[Records drawn from a dataset]
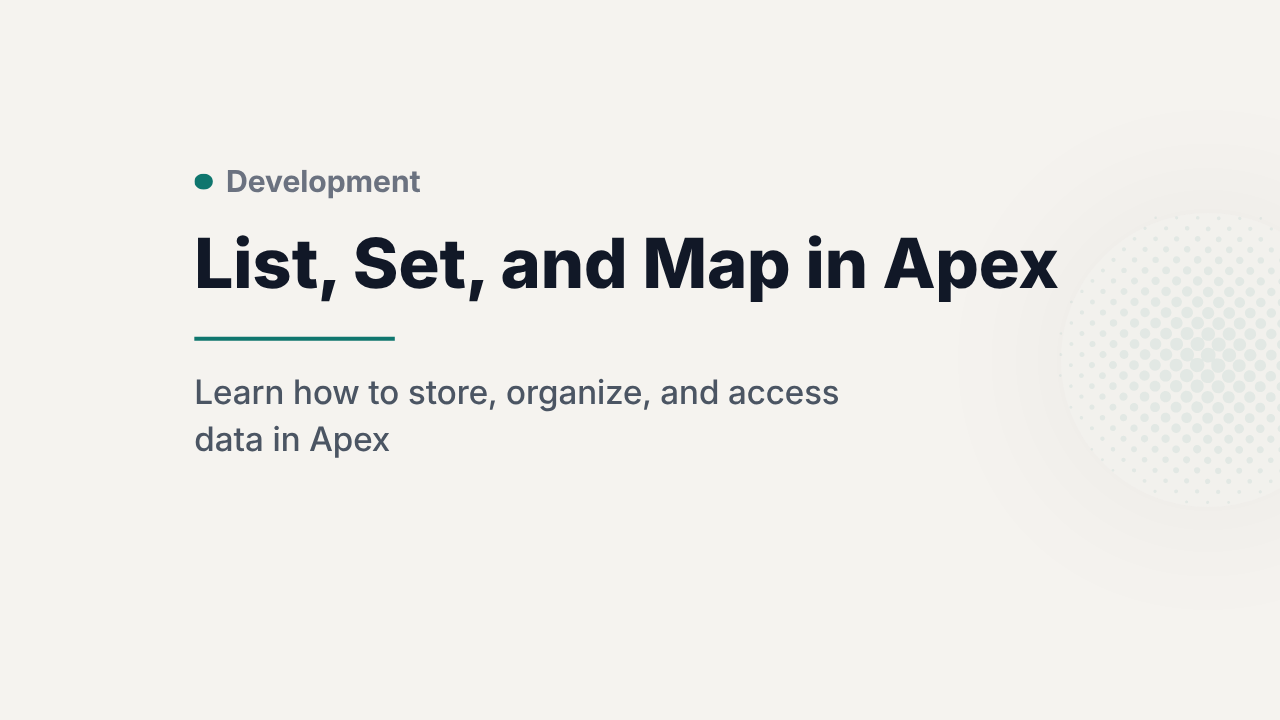 List, Set, and Map in Apex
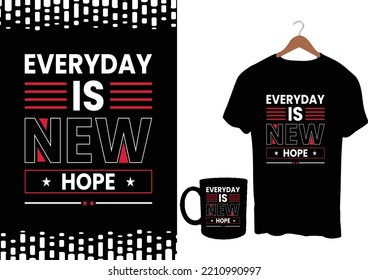  Everyday is new hope modern inspirational quotes t shirt design for fashion apparel printing. Suitable for totebags, stickers, mug, hat, and merchandise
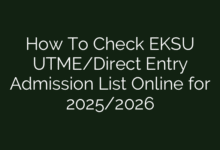 How To Check EKSU UTME/Direct Entry Admission List Online for 2025/2026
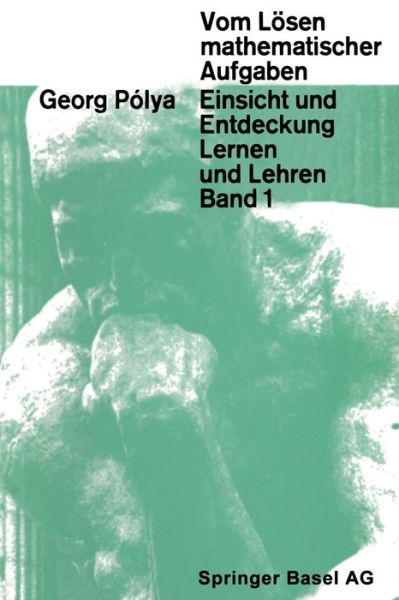 Cover for G Polya · Vom Loesen Mathematischer Aufgaben: Einsicht Und Entdeckung, Lernen Und Lehre - Wissenschaft Und Kultur (Paperback Book) [2nd 2. Aufl. 1979. Softcover Reprint of the Origin edition] (2014)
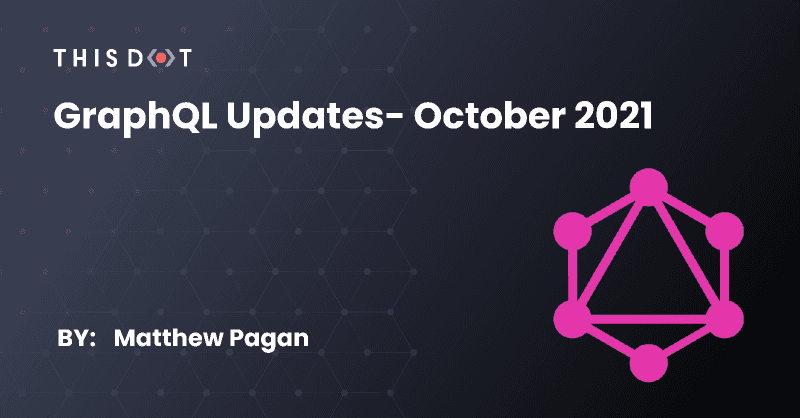 GraphQL Updates- October 2021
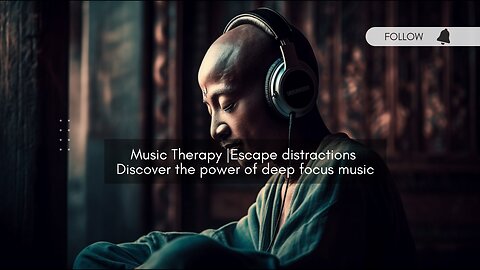 Music Therapy | Escape distractions: Discover the power of deep focus music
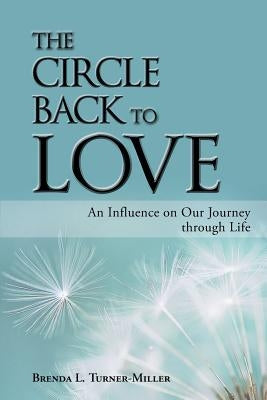 The Circle Back to Love: An Influence on Our Journey Through Life Paperback Balboa Press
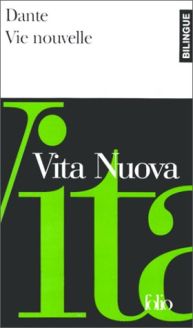 Vie nouvelle/Vita Nuova - Dante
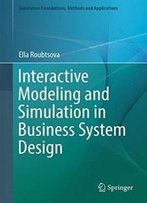Interactive Modeling And Simulation In Business System Design (Simulation Foundations, Methods And Applications)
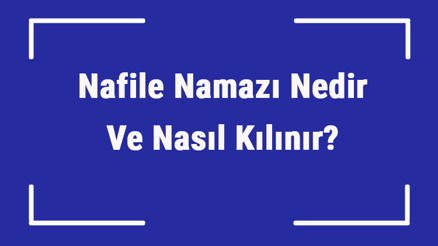 Nafile Namazı Nedir Ve Nasıl Kılınır Nafile Namazı Ne Zaman Ve Neden Kılınır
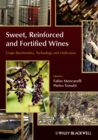 Sweet, Reinforced and Fortified Wines : Grape Biochemistry, Technology and Vinification - Book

__WHAT THE TASK REQUIRES__:
Return the records above exactly, without the pictures.

__ANSWER TO THE EXERCISE__:
 List, Set, and Map in Apex
  Everyday is new hope modern inspirational quotes t shirt design for fashion apparel printing. Suitable for totebags, stickers, mug, hat, and merchandise
 How To Check EKSU UTME/Direct Entry Admission List Online for 2025/2026
 Cover for G Polya · Vom Loesen Mathematischer Aufgaben: Einsicht Und Entdeckung, Lernen Und Lehre - Wissenschaft Und Kultur (Paperback Book) [2nd 2. Aufl. 1979. Softcover Reprint of the Origin edition] (2014)
 GraphQL Updates- October 2021
 Music Therapy | Escape distractions: Discover the power of deep focus music
 The Circle Back to Love: An Influence on Our Journey Through Life Paperback Balboa Press
 Vie nouvelle/Vita Nuova - Dante
Interactive Modeling And Simulation In Business System Design (Simulation Foundations, Methods And Applications)
 Nafile Namazı Nedir Ve Nasıl Kılınır Nafile Namazı Ne Zaman Ve Neden Kılınır
 Sweet, Reinforced and Fortified Wines : Grape Biochemistry, Technology and Vinification - Book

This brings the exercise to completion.